I arrived at the 134th in July 1970 and was assigned a room. My roommate, whom I hadn't even met yet, Dan Brown, was out on a slick mission. Not knowing where to go or what to do I grabbed the free bunk and took a nap. After a while someone came in and woke me up. A tall lanky guy with a clipboard who told me I was assigned to the gun platoon. He wanted to know what I wanted for a call sign. I said I didn't know and asked him what his was. He said Devil 47, (it was Mark Igoe). I said how about Devil 46. He told me it had to be an odd number so I bumped it down to Devil 45 and that is how I got my call sign. He also told me that I had an orientation flight in the morning.

The next morning I was down at operations waiting. Patrick Pavey was the pilot I was going up with and it was in the chunker ship (019). We cranked up and took off north from Phu Hiep and he explained the low-level Vagabond crossing over Tuy Hoa's active runway. Patrick had a wry sense of humor and as we flew along he said, That's a tree, those are mountains, that's a river, that's the ocean... and you've got it, and with that he gave me the controls.

He said we were going up to Qui Nhon for some lunch. I glanced back and the crew chief and door gunner were asleep. Patrick yawned and stretched and casually reached up to pull the old circuit breaker trick to see if I was watching my guages. Before he even pulled it I told him I was familiar with the trick but never mentioned that I had gone to Gunnery I. P. school. He just shrugged and got comfortable and started to dose off.
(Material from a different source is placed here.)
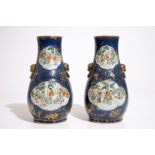 A pair of Chinese famille verte on powder blue and gilt ground vases, 19th C. H.: 30 cm Condition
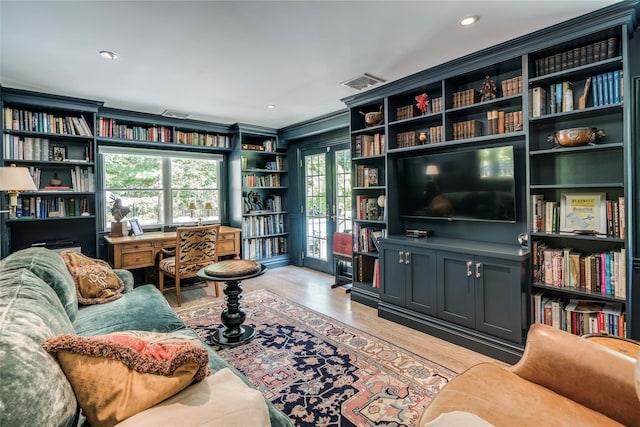 living room featuring light wood-style flooring, visible vents, french doors, and ornamental molding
Now, imagine my first flight time in Vietnam and I'm up there with three guys asleep. Patrick had told me to just follow the coast and that is what I did. I was just about to where the sunken Japanese ship is when the radios lit up. Patrick sat up immediately and took the controls. There were troops in contact and we were getting a mid-air scramble since we were closest. We did a 180 and headed south towards the river. In a split second the whole crew had snapped to from what I call Nam sleep. You are always half awake!

The friendlies were on the north side of the river and the enemy on the south. Patrick asked if I had ever fired a chunker before and I told him that I had. I could tell he was nervous about letting me use the weapon because he explained everything twice as to where to fire and that he was turning my radios off and putting me on AFVN. I guess he thought it would keep me calm. So on my first hot gun run in Vietnam I was listening to Time Won't Let Me by the Outsiders. Some things you never forget.
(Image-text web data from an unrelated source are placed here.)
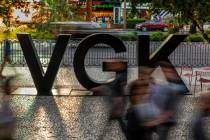 Fans stream by a VGK logo on Las Vegas Blvd. before the start of Game 4 of an NHL Western Confe ...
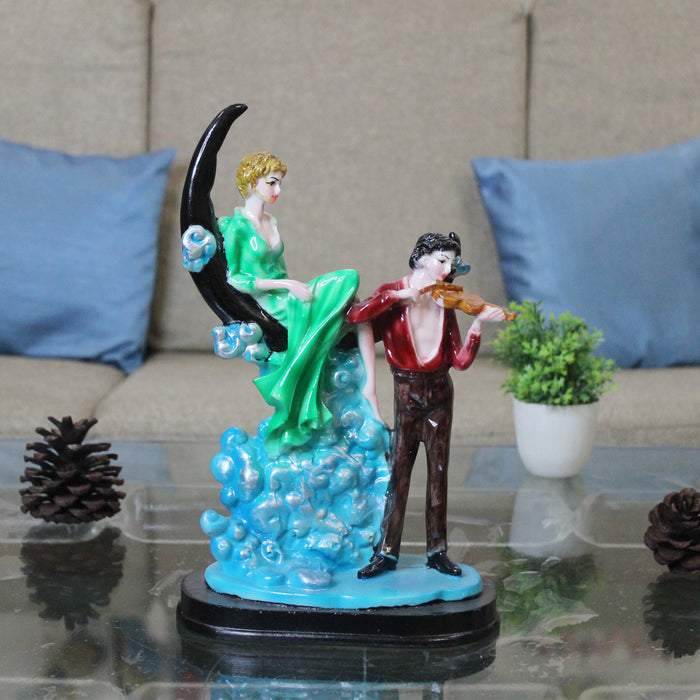 Wonderland Resin Romantic Couple Sitting On Moon Statue Showpiece (Green & Marron )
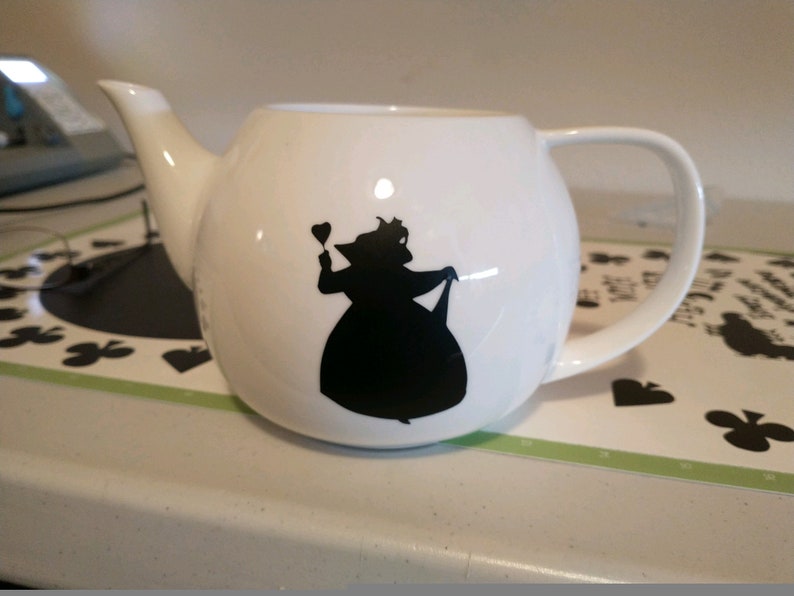 Pu&ograve; includere: Teiera in ceramica bianca con corpo arrotondato, manico curvo e beccuccio. Sul davanti c'&egrave; una silhouette nera di una regina che tiene un cuore. La teiera &egrave; su una superficie bianca.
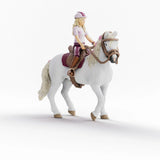 Model of a person riding a horse on a white background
They taught me a little trick at I.P school. If you role the chunker tube up a little and fire six rounds slowing rollng the tube down, the rounds all land at once. It is sort of like a mini-B-52 strike. The rounds landed exactly where he wanted them. It certainly impressed Patrick because he screamed for me to do that again and again. Even the crew was impressed because they were shouting on the intercom. It's difficult to keep in order but when its working the chunker is very devastating and unnerving to the enemy. The ground troops even commented on it.

We expended our ordinance and another gun team was nearly there so we headed home. Patrick said he would do the post flight and would meet me at the Officer's Club. On his way to the club he went by the Operations and pulled my file which indicated that I had been to Gunnery I.P. School. He jokingly gave me a hard time about not telling him. We sat and talked for a long time. Turned out it was his birthday. I had had a pretty full day myself.